Sea-crossing began early on in prehistory. Farmers crossed to italy by 6,000 BCE, hunter-gatherers made the voyage to Cyprus around 13,000 BCE. Flores, an island in the east of the Indonesian archipelago, was colonised even earlier by hominids around 700,000 BCE, and the island of Crete saw its first visitors potentially over a million years before the present. There is one island, however, which bears witness to a record that is unlikely to be beaten by any future discovery: Socotra.
Situated 100km from the tip of East Africa and 180km from the southern shore of the Arabian peninsula, Socotra is a seemly inhospitable island with a wealth of ecological diversity. During the Pleistocene and earlier, it would have been almost a tropical island, brimming with micro-climates, forest canopies, wetlands and savannahs. It was never part of any mainland, and many miles separated it from the flora and fauna of Africa or Asia. Yet, somehow, around 2 million years ago, Homo Erectus got there.

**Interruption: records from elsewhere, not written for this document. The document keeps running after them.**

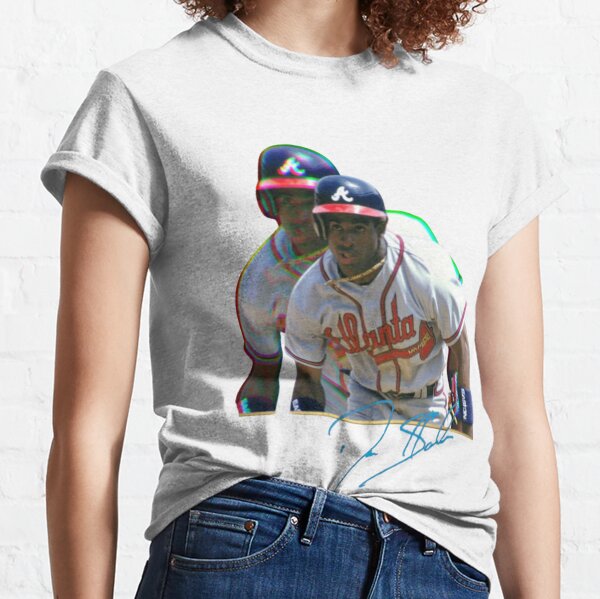 Vintage Atlanta Braves DEION SANDERS Throwback Baseball Jersey 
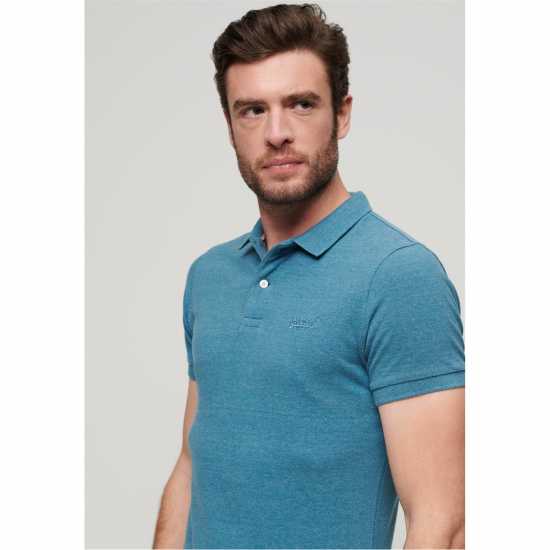 Superdry Блуза С Яка Core Polo Shirt Алясканско синьо Tshirts under 20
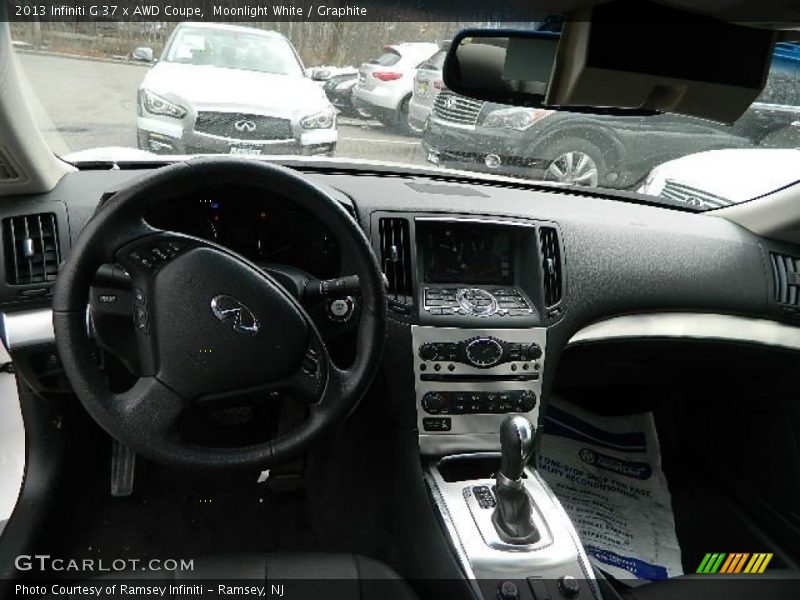 Moonlight White / Graphite 2013 Infiniti G 37 x AWD Coupe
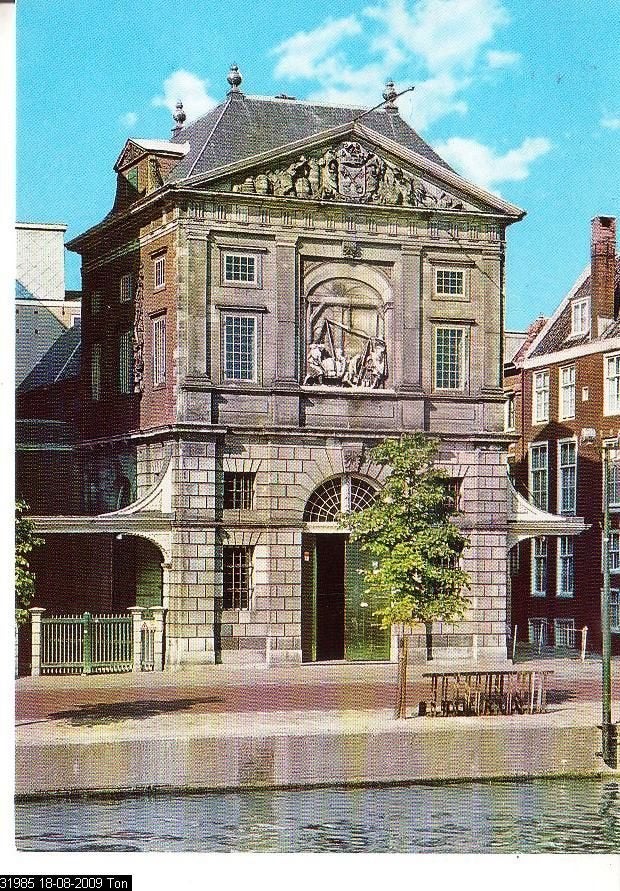 Ansichtkaart 	Leiden	De Waag, Verzenden, 1960 tot 1980, Ongelopen, Zuid-Holland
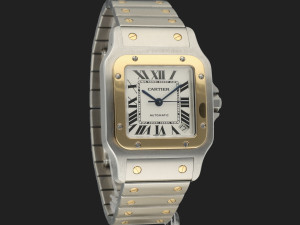 Cartier Santos Galbee XL Gold/Steel W20099C4 / 2823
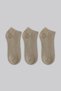 3-Piece Pistachio Green Men's Modal Seamless Stretchy Booties Socks - Premium - 7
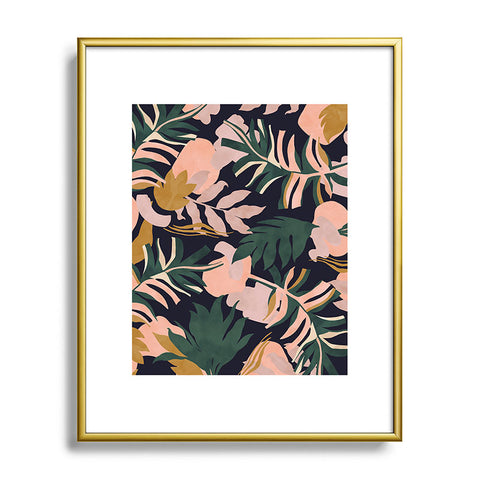 Marta Barragan Camarasa Abstract nature tropical 34 Metal Framed Art Print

In 2008 & 2009, an expeditionary team of Russian archaeologists and paleoanthropologists announced the discovery of several clusters of stone tools, made in the archaic Oldowan or Mode 1 fashion. These had been left beside lush wadi, or oases, and is distinct by an absence of cores, which are much more prevalent in continental assemblages. The same team also uncovered a rich tool industry the east of Iran and in Azerbaijan, both attributable to Homo Erectus or another Erectus-like archaic species. Since this lithic tradition spans more than a million years, the earliest date for an arrival on the island is about 2.5million years ago. On the other hand, Erectus only emerged after 1.8mya, a species credited with crossing rough seas to Flores, Sulawesi and possibly the Philipines. It seems unlikely that their predecessor Homo Habilis, who could not even hunt and lived a partially arboreal lifestyle, could have accomplished the trip, even if they may have reached as far as the east Asian mainland.
References:
Bednarik, R. (2003). Seafaring in the Pleistocene. Cambridge Archaeological Journal, 13(1), 41-66. doi:10.1017/S0959774303000039
https://web.archive.org/web/20111009101750/http://www.ihae.ru/konfer/simpozium.htm
Damme, K. V., & Banfield, L. (2011). Past and present human impacts on the biodiversity of Socotra Island (Yemen): implications for future conservation. Zoology in the Middle East, 54(sup3), 31-88.